Bu milletin büyük çoğunluğu Cuma ve bayram namazı müslümanıdır ama dinine laf söylenmesine tahammül edemez.

CHP, bu milletin diniyle, diniyle, müziğiyle barışmadıkça, yüzde 30 sınırını zorlamaya mahkum kalacaktır.

CHP’nin, şu “Cumhuriyeti biz kurduk” nostaljisinden de kurtulması lâzım. Tamam cumhuriyet kurumları senin eserin ama tapulu mülkün değil ki birader!… Bırak bu millet o kurumlara istediğini getirsin. Seni bu kurumlarda istemiyor işte. Anla bunu!…

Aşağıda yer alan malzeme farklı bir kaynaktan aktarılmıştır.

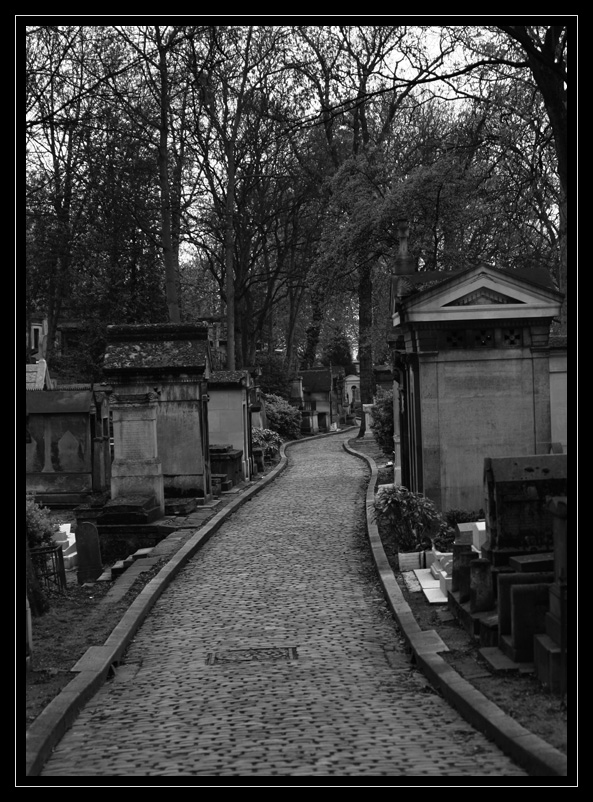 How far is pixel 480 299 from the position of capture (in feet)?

Ayrıca, CHP demek bu milletin çoğunluğu için “korku” demektir. CHP, bu milletin toplumsal hafızasına ve sosyal genetiğine bir korku olarak işlemiştir. Bu korkuyu, bu irkilmeyi bertaraf etmek için hiç gayret sarfetmeyen bir parti ilelebet muhalefete mahkum olacaktır. İşte gördünüz… 1950’den beri ancak koalisyonlarla iktidar ortağı olabildiniz… Bürokrasideki mutlak hakimiyetiniz uzun sürdü ama bu millet onlardan da kurtulmaya başladı.

Sarıgül meselesi…

Sarıgül’ün İstanbul Büyük Şehir başkan adaylığının kesinleştiği günlerde, bu oprerasyonun, Sarıgül’ün kellesini alma operasyonu olduğunu söylemiştim. Öyle ya… Partinin deve dişi gibi figürlerinden biri olan Gürsel Tekin de aynı koltuğa talip olacak ama parti, tercihini Sarıgül’den yana koyunca gıkını çıkarmayacak. Gürsel Tekin, İstanbul seçimlerinin Sarıgül’ün siyasî hayatını bitirecek bir seçim olduğunu gördüğü için, bazen açıkgözlük, göz yummaktır” fehvasınca, gıkını çıkarmadı.

Seçimlerde sonuçlar alındı ve İstanbul Büyük Şehir seçimi Sarıgül için giyotin oldu.

Lafı bitirelim…

Artık buna mağlubiyetten sonra CHP “Nerede yanlış yaptık?” demekten de öte, “65 yıldır biz bu milletle aynı dili kallanamama başarısını nasıl gösteriyoruz?” diye sorması lâzım.

Şu hâliyle CHP, “dünyanın en uzun süre muhalefette kalan partisi” olarak Guinness rekorlar kitabına girecek ama zamanın ruhunu okursa, CHP’nin hâlâ şansı var.

Bu makalede yer alan fikirler yazara aittir ve SON.TV’nin editöryel politikasını yansıtmayabilir.